Il aimerait encourager les enseignants à intégrer le football dans leurs cours. Cela ne le dérange pas qu’un maître joue parfois un rôle en retrait. Il voit plutôt l’aspect positif de la chose: «Le football fait partie des jeux auxquels on peut le mieux jouer, même lorsque l’enseignant lui-même est peu à l’aise en la matière. Les élèves apportent généralement leurs propres connaissances. Pour ma part, ilm’arrive de très peu siffler pendant certaines périodes. Les élèves sont capables de régler le jeu par eux-mêmes dans la plupart des cas.On peut tranquillement les laisser faire.»
Très accessible
Selon Heinz Gmür, l’avantage du football sur les autres jeux sportifs réside principalement dans ses prémices. «On peut jouer au football même lorsqu’on est peu doué techniquement. Durant les pauses et les loisirs, les enfants et les adolescents, dont un nombre croissant de filles, jouent plus volontiers au football qu’au volleyball, trop exigeant au plan technique.»

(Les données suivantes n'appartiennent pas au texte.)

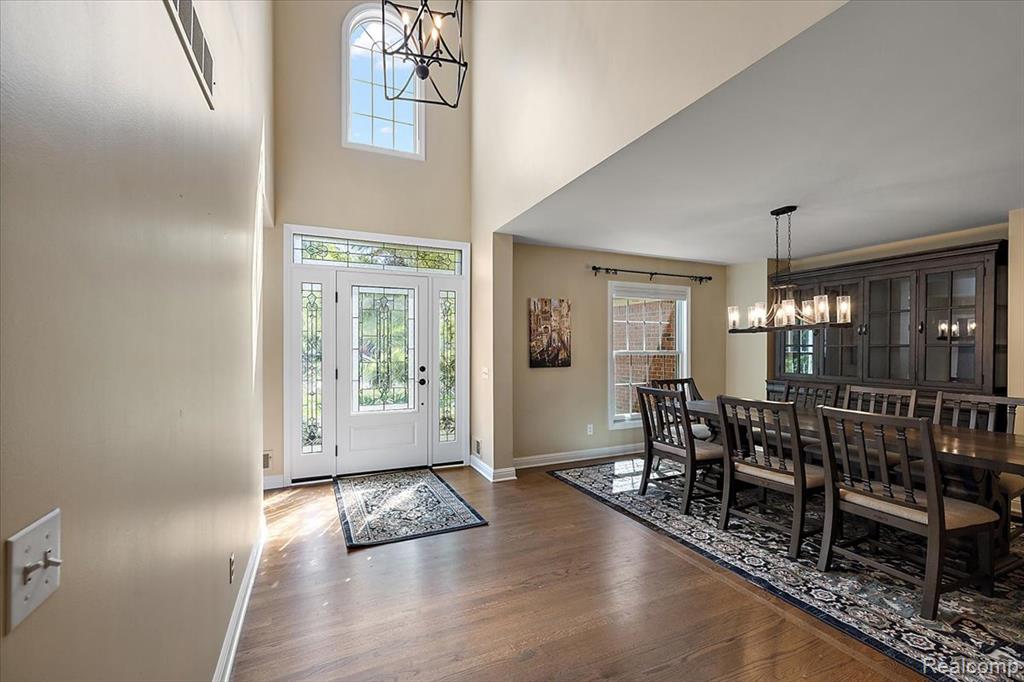 6591 Tree Knoll Drive, Troy, MI 48098 — Photo 2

De plus, il ne requiert aucune infrastructure particulière. Un ballon et deux buts, pouvant être remplacés par quatre piquets de démarcation ou deux bancs suédois, suffi sent. Cependant, les classes où le niveau de jeu est hétérogène compliquent réellement l’enseignement, Heinz Gmür en est conscient. Mais il est aussi convaincu que «tous les élèves y trouvent leur compte si la conception des leçons et la répartition des groupes respectent quelques principes organisationnels.»
Véhicule de valeurs
En jouant au ballon, les élèves acquièrent de nombreuses compétences tactiques et techniques fondamentales dont ils pourront faire usage dans d’autres sports. «Les bases tactiques de l’unihockey et du football sont quasiment identiques», signale Heinz Gmür.
Les valeurs pédagogiques et sociales devant être transmises dans le cadre de l’enseignement du sport selon le programme scolaire peuvent aussi être véhiculées par le football: gagner ou perdre, respecter des règles, assumer un rôle assigné au sein d’une équipe et poursuivre un but commun avec ses coéquipiers; mais aussi faire preuve de respect envers l’adversaire.

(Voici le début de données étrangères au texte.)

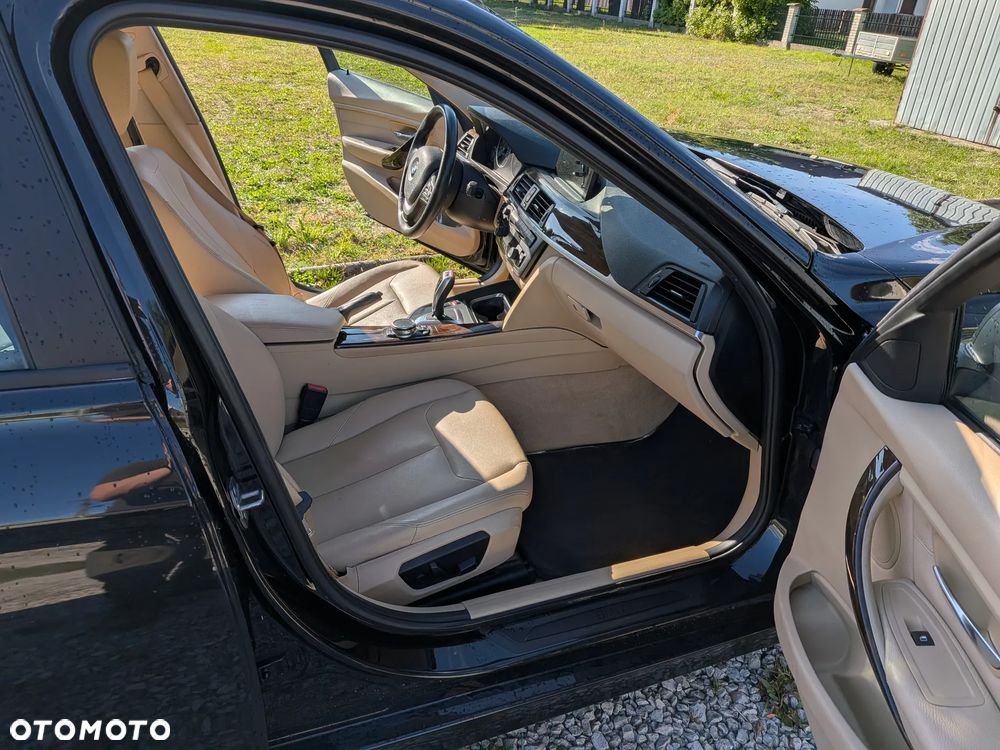 BMW Seria 3 328i xDrive Luxury Line - 11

Heinz Gmür insiste sur le fait que le football est une possibilité parmi d’autres pour enseigner l’esprit d’équipe et le fair-play. Ces objectifs peuvent être poursuivis, ni mieux, ni moins bien, grâce au football.
En voie de réhabilitation
«L’enseignement du sport ne doit pas consister uniquement à jouer au football. Il ne faut pas non plus lui accorder plus d’importance qu’aux autres jeux sportifs. Mais il serait bon que le football retrouve sa place dans les heures de sport. En fin de compte, le football est un volet important de notre culture sportive», résume Heinz Gmür.